Por eso, en muchas ocasiones viviremos nuestro Getsemaní, y como respuesta a nuestras oraciones, la cruz, pues de ella depende nuestra dependencia total al Padre, y aunque pasemos dificultad y padecimientos, no podemos olvidar que “la creación aguarda con ardiente anhelo la manifestación de los hijos de Dios” (Romanos 8:19). Vivamos pues santificando Su nombre en nuestros hogares, trabajos, universidades y escuelas, en la calle, mercados, lugares de ocio…, con perseverancia, con el poder del Espíritu que intercede por nosotros, y aunque no entendamos y sean inexplicables algunas respuestas de Dios, vivamos en la confianza de que todo es para bien de aquellos que le aman.

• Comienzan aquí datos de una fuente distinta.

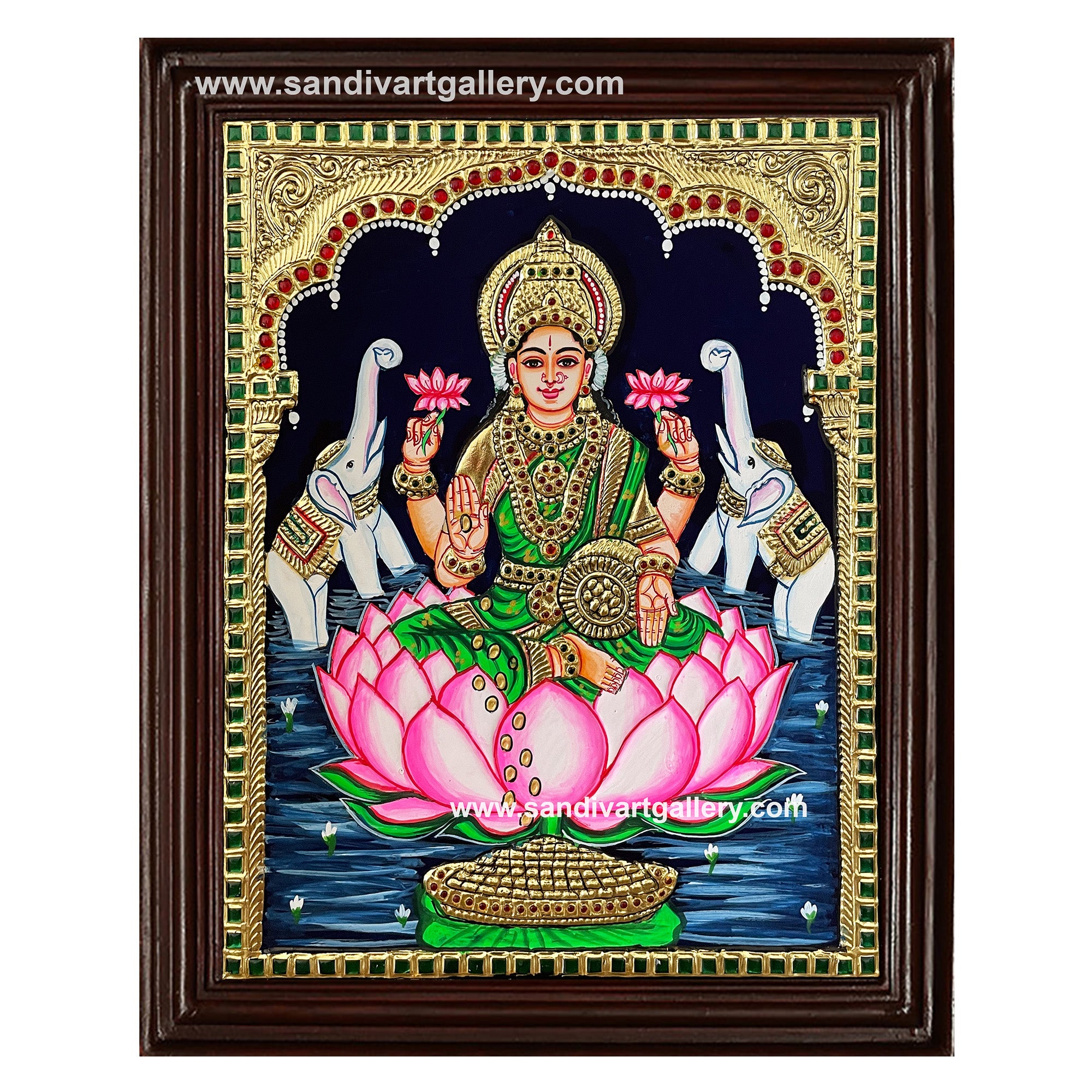 Lakshmi on lotus Tanjore Painting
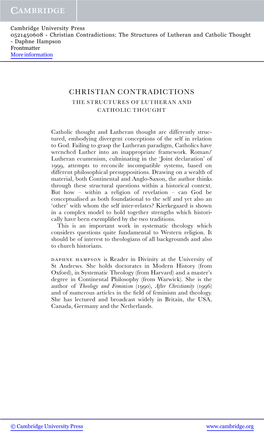 Christian Contradictions: the Structures of Lutheran and Catholic Thought - Daphne Hampson Frontmatter More Information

Hagamos nuestra la oración del Padrenuestro, profundicemos en ella y gocémonos de poder clamar a Dios como Padre, santificando Su Nombre allá donde estemos. Leamos despacio cada frase, y fijémonos cómo están ausentes las palabras “yo”, “mi”, o “mío”. Es una oración comunitaria, en primera persona del plural, que habla de las cosas que verdaderamente importan a Dios: de su cercanía a nosotros, de su soberanía y poder, de la extensión del Reino, de la rendición a su Voluntad, de confiar en Su provisión, de volvernos a Él y regresar a casa, del poder del perdón, y de su mano que nos guía ante las decisiones que tomamos cada día. Porque se trata de Él, y orar es aprender a pensar como Dios piensa.

REFLEXIONEMOS: Nos es fácil clamar a Dios como Padre, pero: ¿respondemos como hijos suyos? ¿Cuántas veces nos hemos sentido decepcionados por no recibir de Él lo que esperábamos? ¿Qué áreas de tu vida no están santificando el nombre de Dios? ¿Qué puedes hacer al respecto?